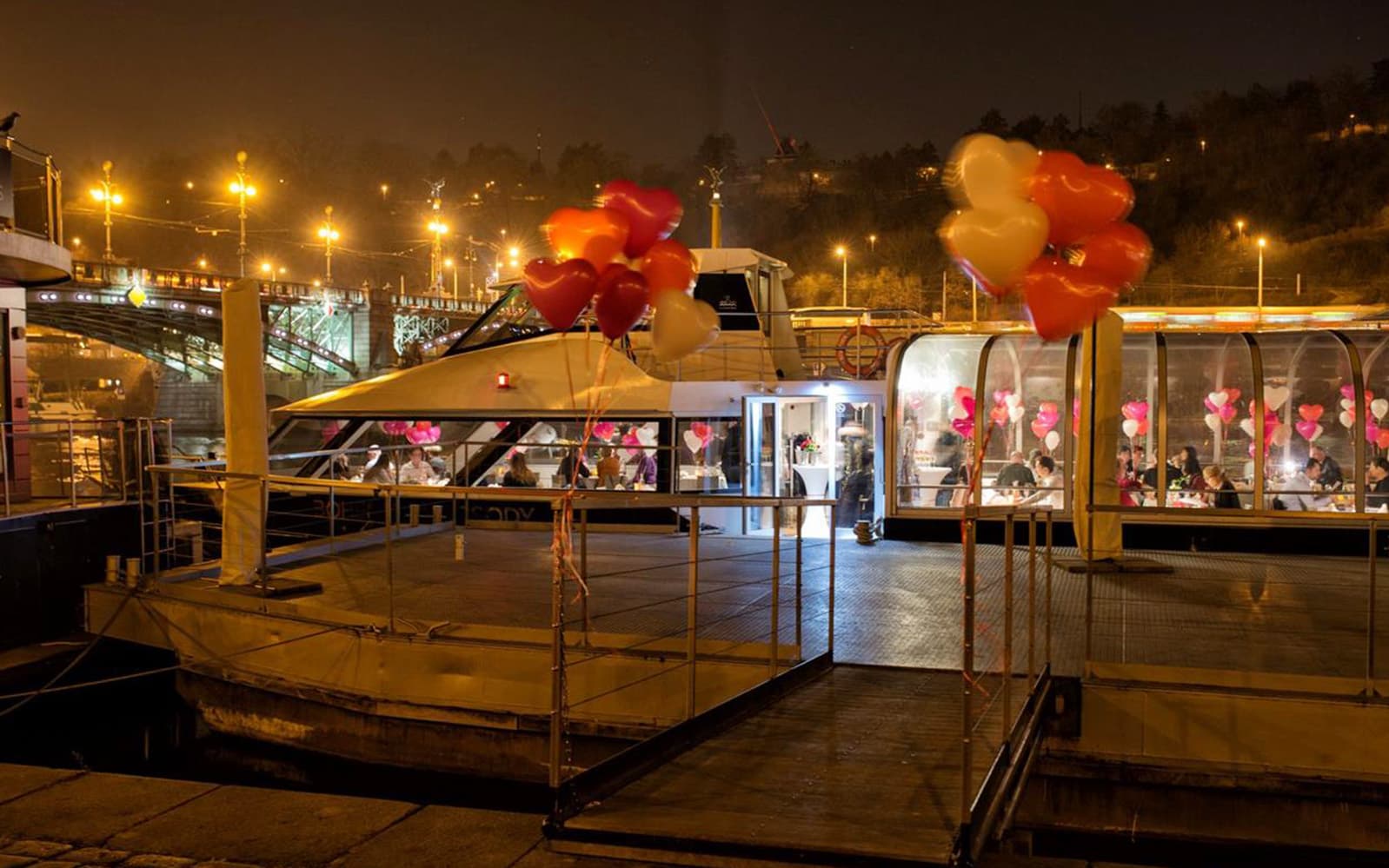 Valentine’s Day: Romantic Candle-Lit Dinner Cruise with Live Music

- - -

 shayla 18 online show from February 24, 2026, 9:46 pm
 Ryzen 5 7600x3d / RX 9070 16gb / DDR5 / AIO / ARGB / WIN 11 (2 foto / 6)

- - -

Taking the entries above, restate exactly those lines that fall between the line with "shayla 18 online" and the line with "Ryzen 5 7600x3d", keeping both of those lines too.

Answer section:
 shayla 18 online show from February 24, 2026, 9:46 pm
 Ryzen 5 7600x3d / RX 9070 16gb / DDR5 / AIO / ARGB / WIN 11 (2 foto / 6)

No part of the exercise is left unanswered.